Progressive Democrats in Congress plan to announce bicameral legislation to expand the size of the Supreme Court from 9 to 13 in a long-shot effort to dilute the current conservative majority of the nation’s highest court.

Key Facts

The bill is being proposed by Sen. Ed Markey (D-Mass.) and Reps. Mondaire Jones (D-N.Y.), Hank Johnson (D-Ga.) and Jerrold Nadler (D-N.Y.), the chair of the House Judiciary Committee.

The lawmakers will hold a press conference on the effort on Thursday at 11:30 a.m. along with representatives from liberal judicial activist groups that have pushed to reform the court, including Demand Justice and Take Back The Court.

Jones, in a statement to Forbes, said “our democracy is hanging by a thread. And the far-right majority on the U.S. Supreme Court is cutting it,” citing recent decisions allowing unlimited corporate spending in elections, striking down parts of the Voting Rights Act and restricting federal courts from ruling against gerrymanders.

Jones added, “The majority’s doctrine is clear: if a law suppresses the right to vote, it is constitutional; if a law protects the right to vote, especially for Black and brown voters, it is unconstitutional,” arguing the bill would “restore power to the people.”

Brian Fallon, the executive director of Demand Justice, said the bill “marks a new era where Democrats finally stop conceding the Supreme Court to Republicans,” vowing to “build a grassroots movement that puts pressure on every Democrat in Congress to support this.”

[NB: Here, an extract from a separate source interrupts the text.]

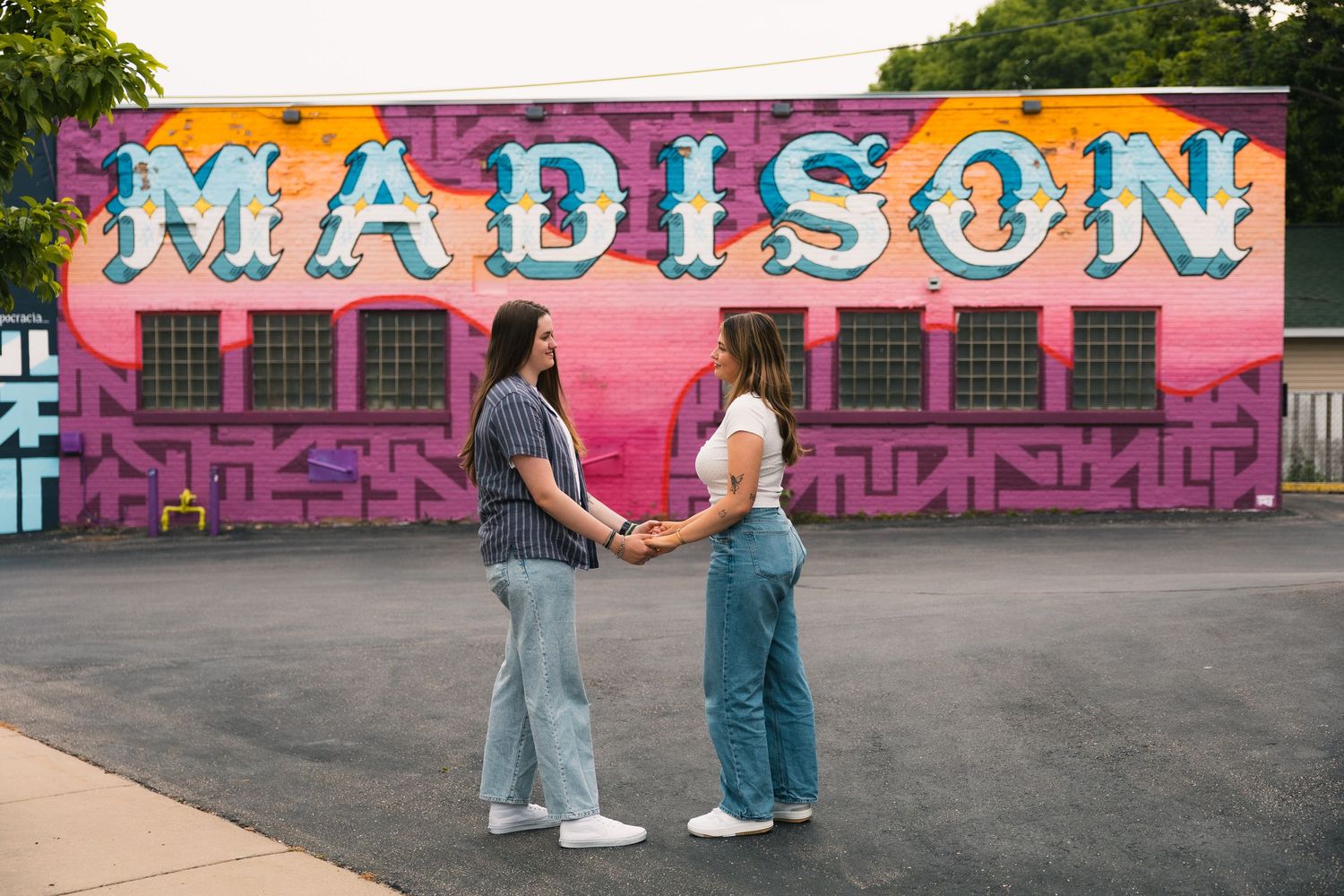 madison wi couples engagement photographer monroe street mural triangulador lauer realty group lgbtq colorful unique photos wisconsin urban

In anticipation of the fierce pushback the bill will get from Republicans, the advisory cites the “historical precedent” that Congress has expanded the court seven times – though the last of those was in 1869.

Key Background

Calls for court packing became mainstream during the Trump era, with progressives arguing that it’s a fair tit-for-tat after Republicans refused to consider Garland and later confirmed Neil Gorsuch to the seat. The calls grew particularly ferocious after Amy Coney Barrett was confirmed to fill the late Justice Ruth Bader Ginsberg’s seat just weeks before the 2020 election.

Chief Critic

Republicans have almost uniformly opposed efforts to pack the court and often tried to make it a key issue in last year’s presidential campaign in an effort to force then-candidate Joe Biden into an unpopular position. A group of nearly a dozen Senate Republicans in January introduced an equally long-shot constitutional amendment that would cap the court at 9 justices.

Big Number

47%. That’s the share of voters who said they oppose expanding the number of Supreme Court seats in a Washington Examiner/YouGov poll of 1,200 registered voters in October, shortly before Barrett was confirmed. Just 37% said they support such an effort – 60% of Democrats but only 32% of independents and 5% of Republicans.

Tangent

Biden gave a nod to advocates for court expansion last week by announcing a commission to look at various areas of reform, including the “membership and size” of the court. But Demand Justice said in a statement the development is “unlikely to meaningfully advance the ball on Court reform,” citing the large number of academics and the presence of conservative opponents of expansion, as well as the fact that it is “not tasked with making formal recommendations.”

Crucial Quote

Jones, in a statement, praised the commission as an indication Biden is serious about reform but criticized its membership, arguing “many Americans would be rightly skeptical of a commission composed almost entirely of people protected from the real-life consequences of the Supreme Court’s right-wing extremism.”